**The task**
Nothing in the listing below should be skipped, so transcribe it all exactly.

**Information shown**
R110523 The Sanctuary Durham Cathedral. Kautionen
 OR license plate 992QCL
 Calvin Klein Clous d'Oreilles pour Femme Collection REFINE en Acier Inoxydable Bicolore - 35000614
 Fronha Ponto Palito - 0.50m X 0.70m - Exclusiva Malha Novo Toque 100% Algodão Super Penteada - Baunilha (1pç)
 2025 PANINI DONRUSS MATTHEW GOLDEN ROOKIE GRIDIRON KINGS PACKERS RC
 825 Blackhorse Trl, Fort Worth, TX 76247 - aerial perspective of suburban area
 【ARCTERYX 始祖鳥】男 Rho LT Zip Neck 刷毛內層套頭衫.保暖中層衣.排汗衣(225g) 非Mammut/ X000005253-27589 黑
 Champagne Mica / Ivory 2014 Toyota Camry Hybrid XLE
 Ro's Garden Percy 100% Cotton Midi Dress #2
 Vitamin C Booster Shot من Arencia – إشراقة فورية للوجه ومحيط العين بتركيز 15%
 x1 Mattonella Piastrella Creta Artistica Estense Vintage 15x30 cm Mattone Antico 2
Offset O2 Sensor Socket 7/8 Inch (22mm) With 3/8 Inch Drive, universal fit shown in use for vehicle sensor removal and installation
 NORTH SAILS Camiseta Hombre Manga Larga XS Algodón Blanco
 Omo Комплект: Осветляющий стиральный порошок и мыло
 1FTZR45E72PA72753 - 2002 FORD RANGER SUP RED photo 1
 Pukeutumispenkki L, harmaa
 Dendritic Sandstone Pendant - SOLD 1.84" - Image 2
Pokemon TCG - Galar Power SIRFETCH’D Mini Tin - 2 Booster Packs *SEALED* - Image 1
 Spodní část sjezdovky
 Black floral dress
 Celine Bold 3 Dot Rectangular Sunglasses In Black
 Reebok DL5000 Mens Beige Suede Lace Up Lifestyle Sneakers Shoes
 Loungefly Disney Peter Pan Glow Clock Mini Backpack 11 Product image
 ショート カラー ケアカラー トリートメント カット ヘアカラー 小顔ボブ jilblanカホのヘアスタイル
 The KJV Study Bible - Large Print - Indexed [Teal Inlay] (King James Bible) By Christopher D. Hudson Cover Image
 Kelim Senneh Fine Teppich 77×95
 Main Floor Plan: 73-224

**Answer to this exercise**
R110523 The Sanctuary Durham Cathedral. Kautionen
 OR license plate 992QCL
 Calvin Klein Clous d'Oreilles pour Femme Collection REFINE en Acier Inoxydable Bicolore - 35000614
 Fronha Ponto Palito - 0.50m X 0.70m - Exclusiva Malha Novo Toque 100% Algodão Super Penteada - Baunilha (1pç)
 2025 PANINI DONRUSS MATTHEW GOLDEN ROOKIE GRIDIRON KINGS PACKERS RC
 825 Blackhorse Trl, Fort Worth, TX 76247 - aerial perspective of suburban area
 【ARCTERYX 始祖鳥】男 Rho LT Zip Neck 刷毛內層套頭衫.保暖中層衣.排汗衣(225g) 非Mammut/ X000005253-27589 黑
 Champagne Mica / Ivory 2014 Toyota Camry Hybrid XLE
 Ro's Garden Percy 100% Cotton Midi Dress #2
 Vitamin C Booster Shot من Arencia – إشراقة فورية للوجه ومحيط العين بتركيز 15%
 x1 Mattonella Piastrella Creta Artistica Estense Vintage 15x30 cm Mattone Antico 2
Offset O2 Sensor Socket 7/8 Inch (22mm) With 3/8 Inch Drive, universal fit shown in use for vehicle sensor removal and installation
 NORTH SAILS Camiseta Hombre Manga Larga XS Algodón Blanco
 Omo Комплект: Осветляющий стиральный порошок и мыло
 1FTZR45E72PA72753 - 2002 FORD RANGER SUP RED photo 1
 Pukeutumispenkki L, harmaa
 Dendritic Sandstone Pendant - SOLD 1.84" - Image 2
Pokemon TCG - Galar Power SIRFETCH’D Mini Tin - 2 Booster Packs *SEALED* - Image 1
 Spodní část sjezdovky
 Black floral dress
 Celine Bold 3 Dot Rectangular Sunglasses In Black
 Reebok DL5000 Mens Beige Suede Lace Up Lifestyle Sneakers Shoes
 Loungefly Disney Peter Pan Glow Clock Mini Backpack 11 Product image
 ショート カラー ケアカラー トリートメント カット ヘアカラー 小顔ボブ jilblanカホのヘアスタイル
 The KJV Study Bible - Large Print - Indexed [Teal Inlay] (King James Bible) By Christopher D. Hudson Cover Image
 Kelim Senneh Fine Teppich 77×95
 Main Floor Plan: 73-224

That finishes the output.